→ ACTION ITEM:
Copy all lines below exactly as written. Leave pictures out.

→ DATA EXCERPT:
↓
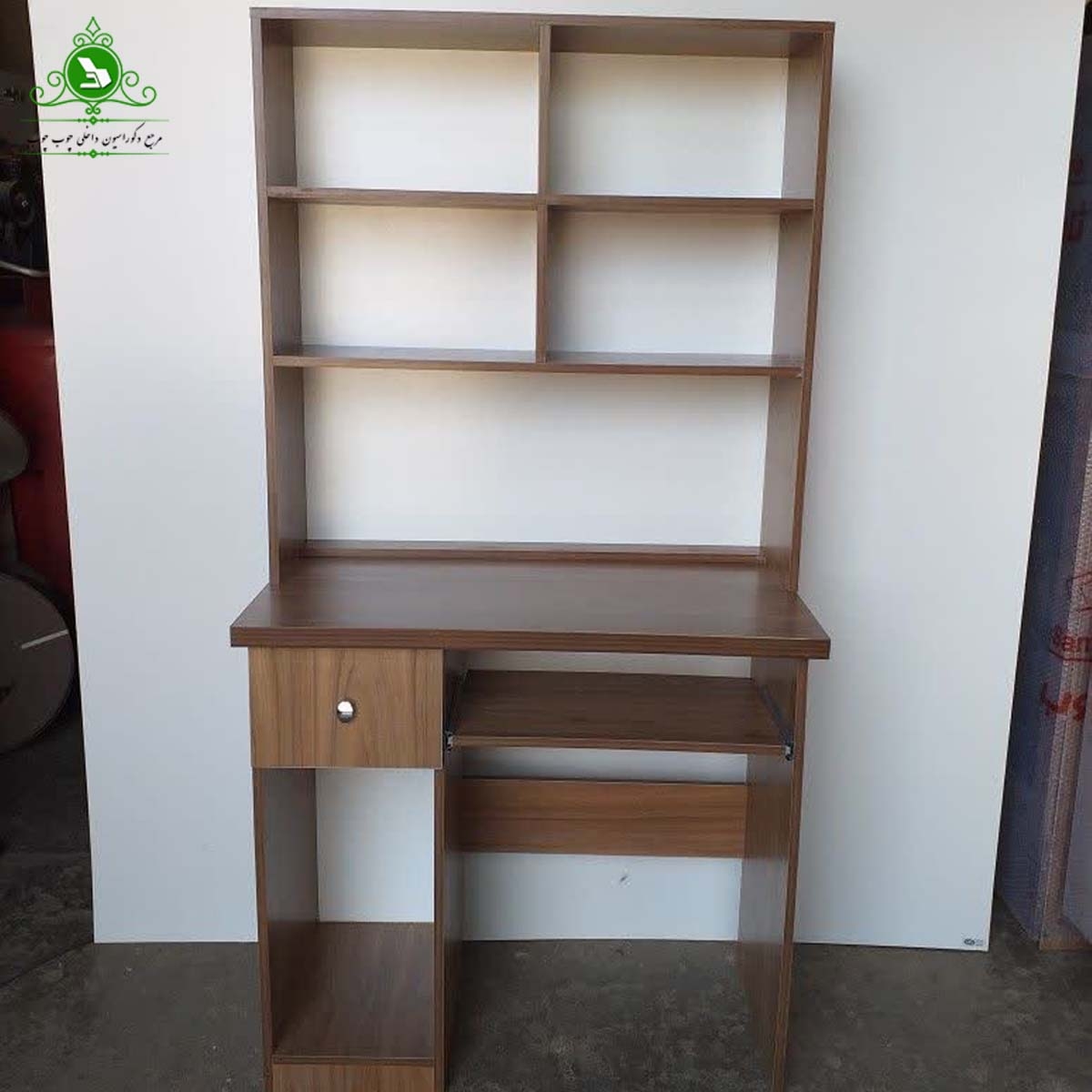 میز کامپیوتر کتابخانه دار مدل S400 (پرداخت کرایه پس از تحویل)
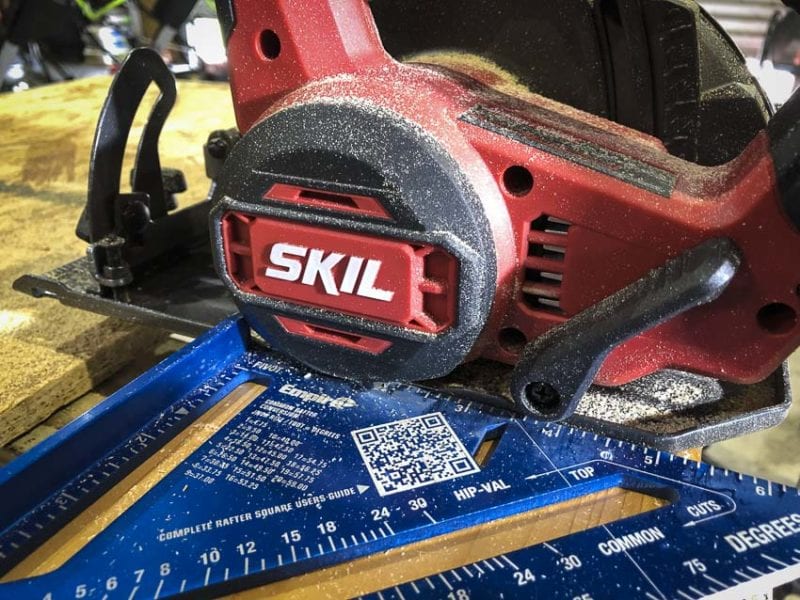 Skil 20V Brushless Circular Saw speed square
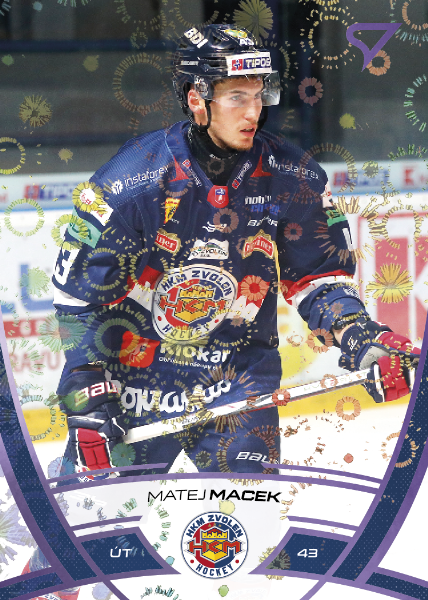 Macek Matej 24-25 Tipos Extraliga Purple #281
↑
→ OUTPUT FOR THIS TASK:
 میز کامپیوتر کتابخانه دار مدل S400 (پرداخت کرایه پس از تحویل)
 Skil 20V Brushless Circular Saw speed square
 Macek Matej 24-25 Tipos Extraliga Purple #281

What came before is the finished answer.